### Exercise instructions
After locating the line with "Regadera para plantas", repeat it and every following line to the end of the listing, exactly. Omit the pictures.

### Data shown
• • • •
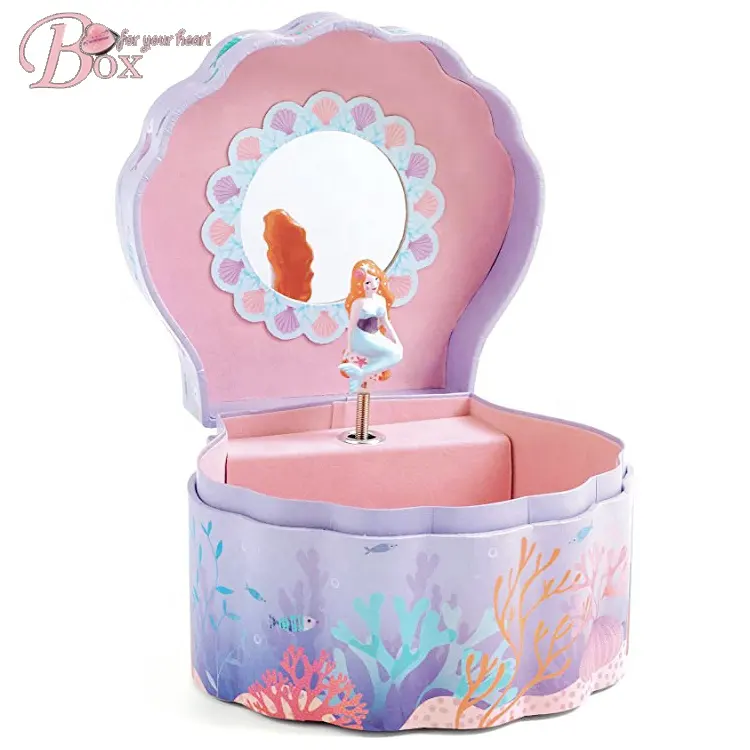 Paper music box mermaid Princess kids toy child unicorn fish custom song jewelry musical baby toys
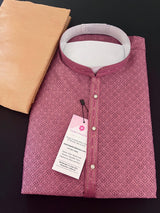 Mauve Color Men Kurta Pajama | Self Design embroidery Styles - Mens Ethnic Wear - Mauve Color Kurta - Kaash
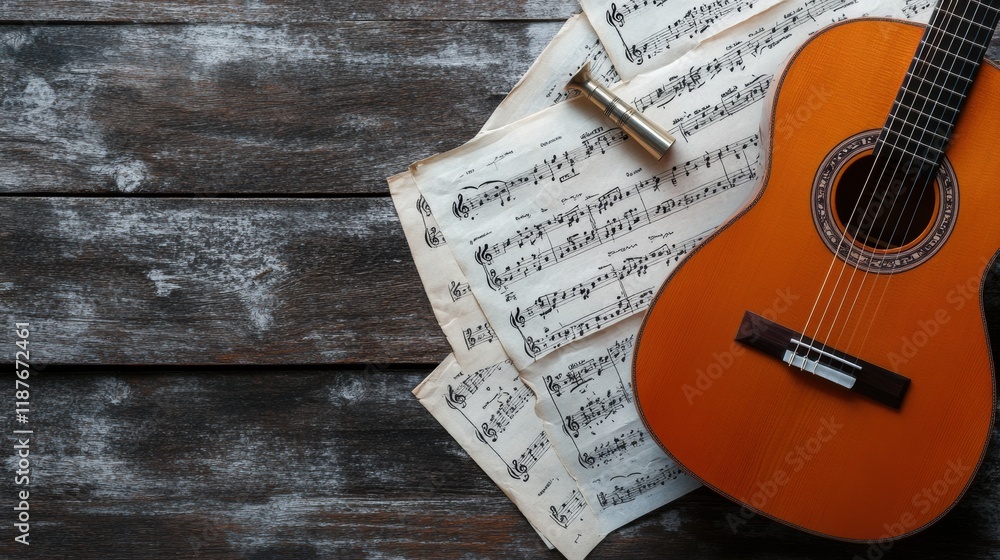 Poster Guitar resting on scattered sheet music along with a tuning fork on a rustic wooden table. Generative AI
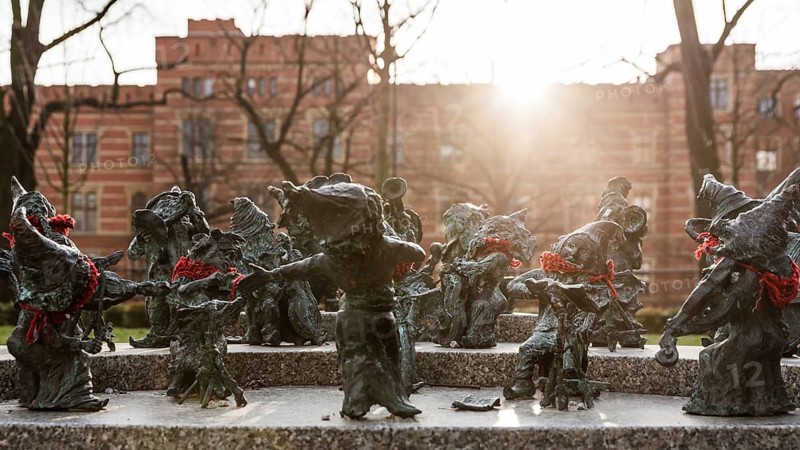 WROCLAW, POLAND - JANUARY 19, 2019: Statue of dwarves representing philarmonic orchestra of Poland located in front of the building National Forum of Music.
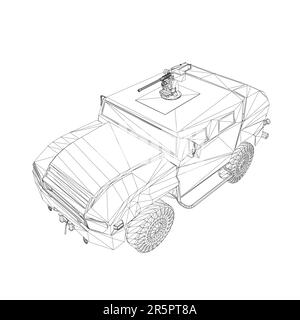 Trasporto camion esercito per l'operazione vettore guerra disegno illustrazione. Camion nel deserto. 3D macchina blindata. SUV militare wireframe. Veicolo fuoristrada. VEC Illustrazione Vettoriale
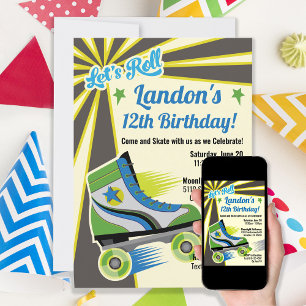 Retro-Rollschuh-Party Einladung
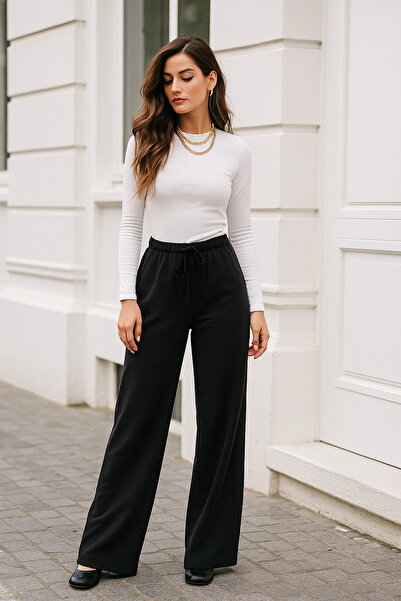 Rich Women's Black High Waist Elastic Wide Leg Trousers-Multicolour 06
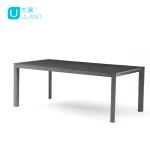 Uland Contemporary Indoor Outdoor Use Ceramic Top Aluminium Frame Dining Table Rectangle Black Dinning Table Set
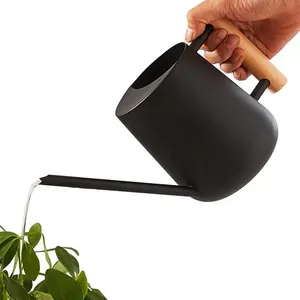 Regadera para plantas con pico largo, de acero inoxidable y mango de madera, para uso doméstico y jardín - Product Image 1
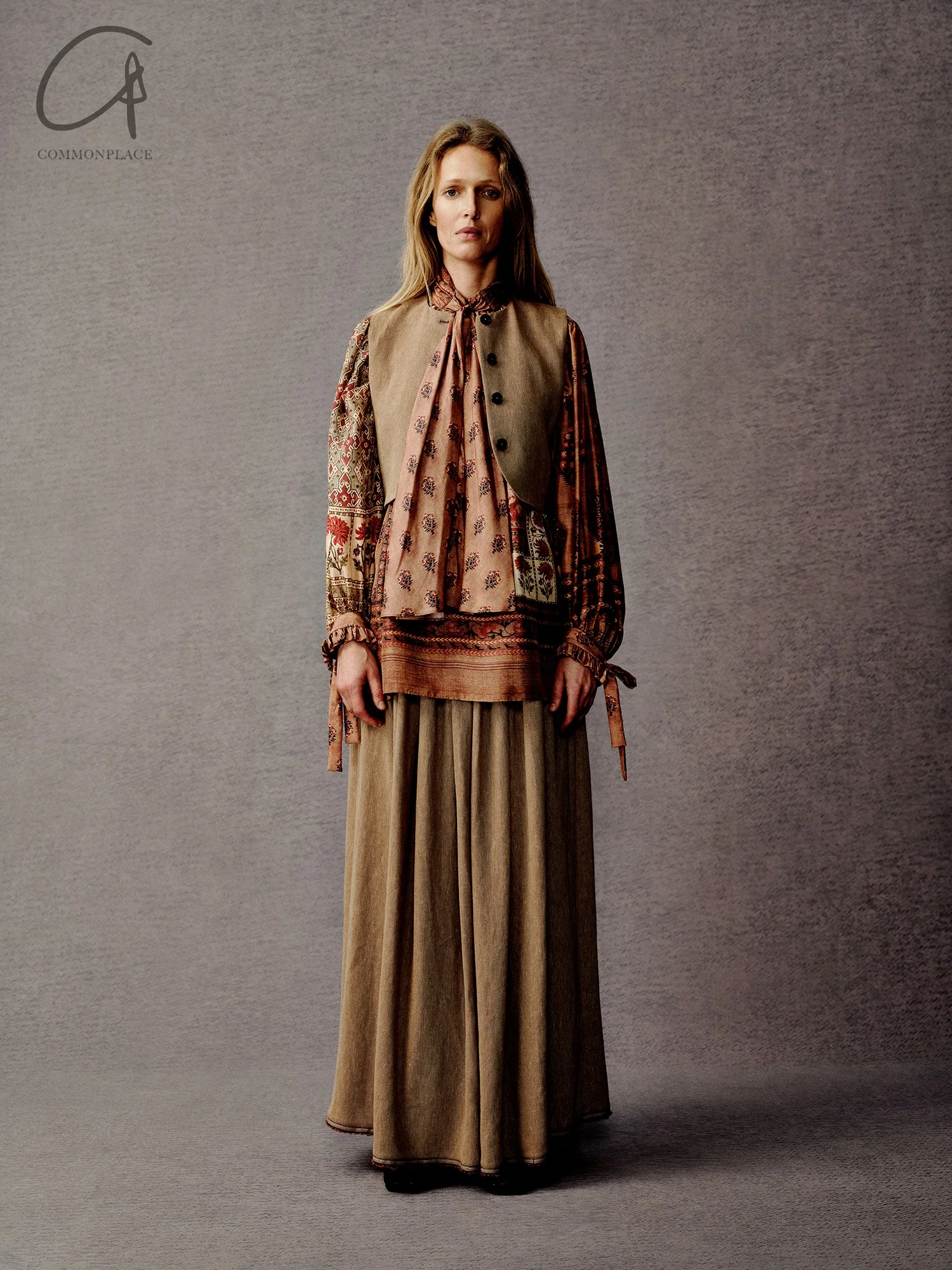 INTO THE EAST 24 Autumn and Winter Silk Print Lace-up Shirt ITE-E1YGAW002NCC21TP-YH Print - Image 13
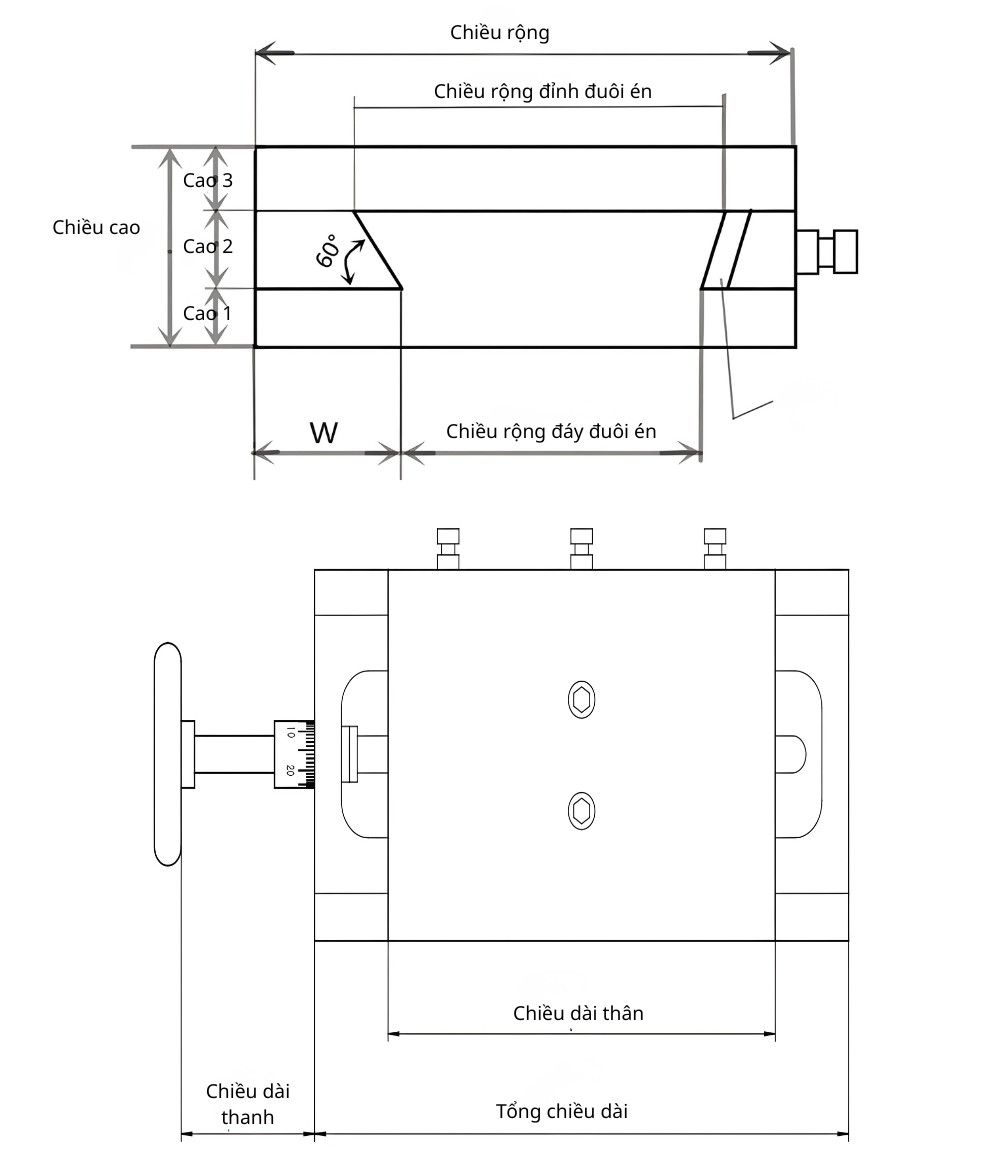 Thông số kỹ thuật bàn trượt trục vít me rãnh mang cá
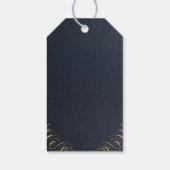 Navy Gold elegante kalligraphische Hochzeit danke Geschenkanhänger (Rückseite)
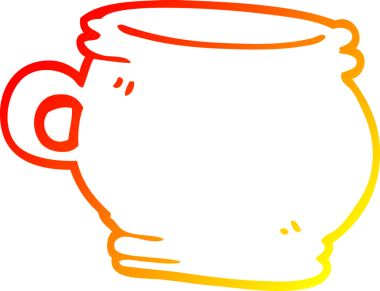 Bir insanın çizdiği çizgi film bardağının sıcak gradyan çizgisi.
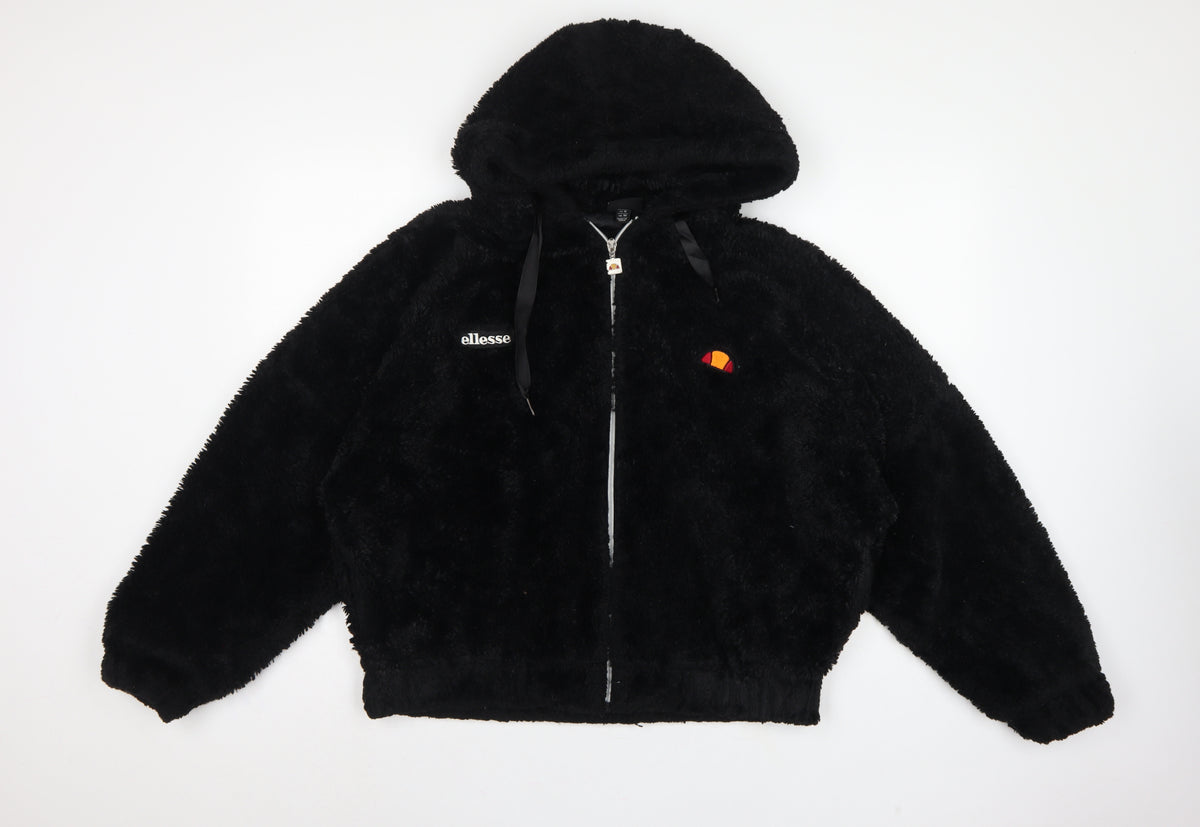 Ellesse Women’s Black UK 10 Giovanna Hooded Faux Fur Fleece Jacket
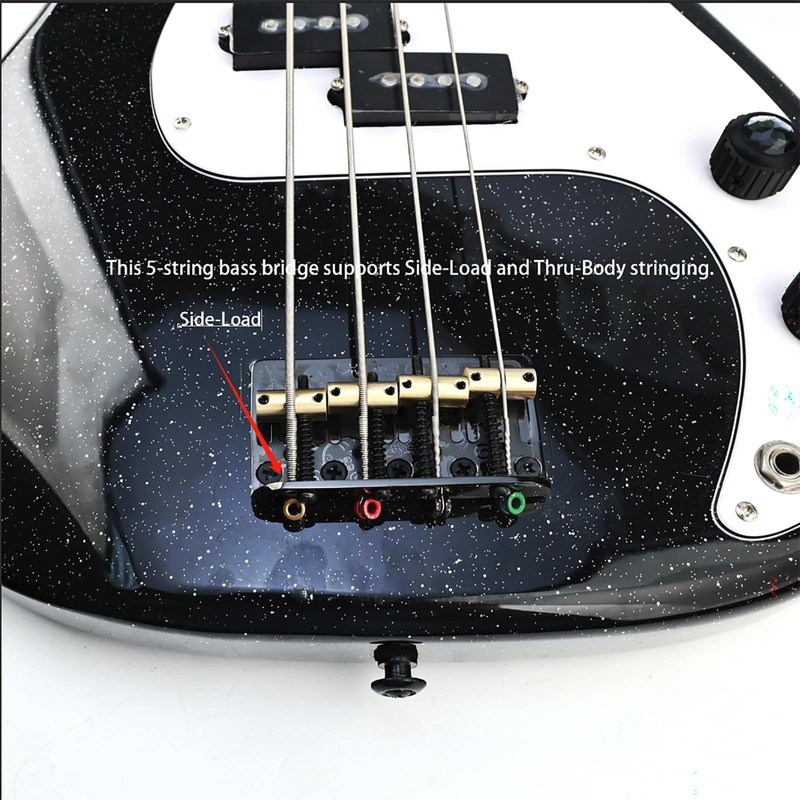 OVSAL Stainless Steel 4 String Fixed Engraved Electric Bass Bridge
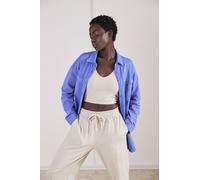 Blusenshirt BUFFALO Gr. 36/38, blau, Damen, Obermaterial: 100% Baumwolle, used, unifarben, Shirts, Loungeshirt im Used-Look, Loungewear (99818863-36) blau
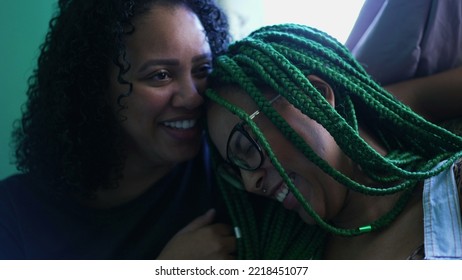 Sisters Laughing And Smiling. Two Hispanic Black Girlfriends Real Life Laugh And Smile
• • • •
### Exercise output
 Regadera para plantas con pico largo, de acero inoxidable y mango de madera, para uso doméstico y jardín - Product Image 1
 INTO THE EAST 24 Autumn and Winter Silk Print Lace-up Shirt ITE-E1YGAW002NCC21TP-YH Print - Image 13
 Thông số kỹ thuật bàn trượt trục vít me rãnh mang cá
 Navy Gold elegante kalligraphische Hochzeit danke Geschenkanhänger (Rückseite)
 Bir insanın çizdiği çizgi film bardağının sıcak gradyan çizgisi.
 Ellesse Women’s Black UK 10 Giovanna Hooded Faux Fur Fleece Jacket
 OVSAL Stainless Steel 4 String Fixed Engraved Electric Bass Bridge
 Blusenshirt BUFFALO Gr. 36/38, blau, Damen, Obermaterial: 100% Baumwolle, used, unifarben, Shirts, Loungeshirt im Used-Look, Loungewear (99818863-36) blau
 Sisters Laughing And Smiling. Two Hispanic Black Girlfriends Real Life Laugh And Smile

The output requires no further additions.